The Menlo Park campus is a massive space, densely packed with buildings; it felt more like I was entering a tiny city than a corporate campus. Inside the buildings, tasteful graffiti-like murals and humorous posters decorate the walls. Instead of offices, Facebook developers work mostly in open spaces laid out like bullpens. Workstations are lined up along shared tables, with no barriers between individual workers.
I eventually reached the area where the release engineering team is headquartered. Like the rest of the development personnel, release engineering uses an open space at shared tables. But their space has a unique characteristic: a well-stocked bar.
The room initially had a partial wall between two vertical support pillars. When the release engineering team moved in, they converted the space into a bar with a countertop called the “hotfix bar,” a reference to critical software patches. They work at a table positioned alongside the bar.
That was where I met Chuck Rossi, the release engineering team’s leader. Rossi, whose workstation is conveniently located within arm’s reach of the hotfix bar’s plentiful supply of booze, is a software industry veteran who previously worked at Google and IBM. I spent a fascinating afternoon with Rossi and his team learning how they roll out Facebook updates—and why it’s important that they do so on a daily basis.

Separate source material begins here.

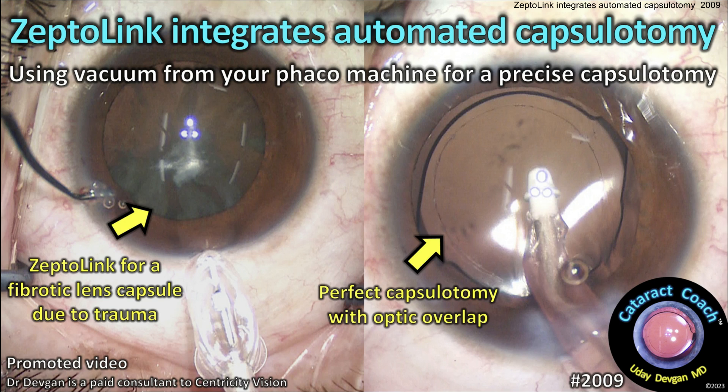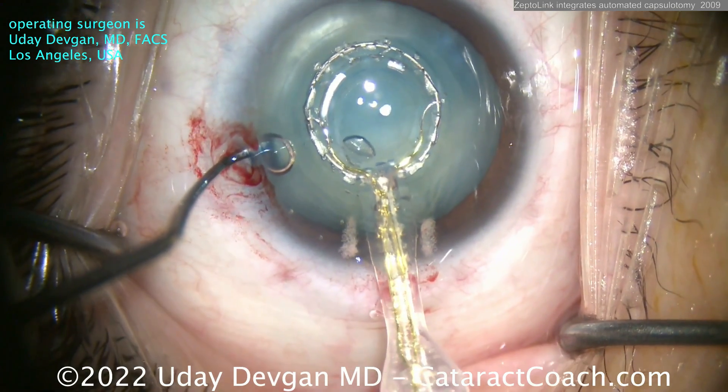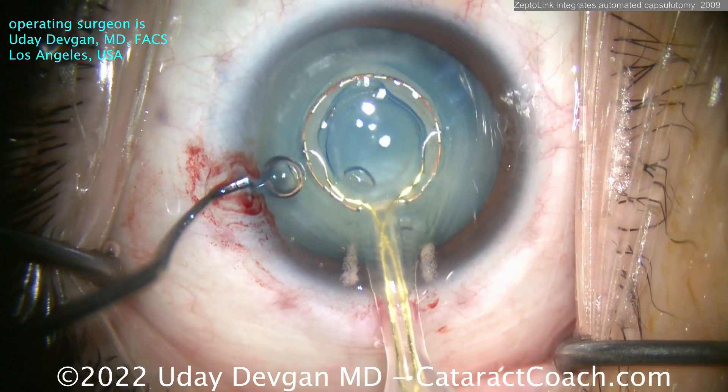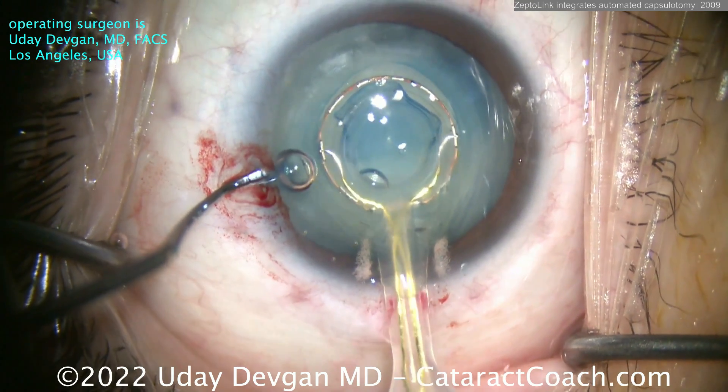Now you remember the Zepto device that we've shown before? Here, a year ago we used it to make a capsulotomy — pow, just like that — instantly in that intumescent white cataract. How easy was that?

Facebook’s BitTorrent deployment system
The Facebook source code is largely written in the PHP programming language. PHP is conducive to rapid development, but it lacks the performance of lower-level languages and some more modern alternatives. In order to improve the scalability of its PHP-based infrastructure, Facebook developed a special transpiler calledHipHop.
HipHop converts PHP into heavily optimized C++ code, which can then be compiled into an efficient native binary. When Facebook unveiled HipHop to the public in 2010 and began distributing it under an open source software license, the company’s engineers reported that it reduced average CPU consumption on Facebook by roughly 50 percent.
Because Facebook’s entire code base is compiled down to a single binary executable, the company’s deployment process is quite different from what you’d normally expect in a PHP environment. Rossi told me that the binary, which represents the entire Facebook application, is approximately 1.5GB in size. When Facebook updates its code and generates a new build, the new binary has to be pushed to all of the company’s servers.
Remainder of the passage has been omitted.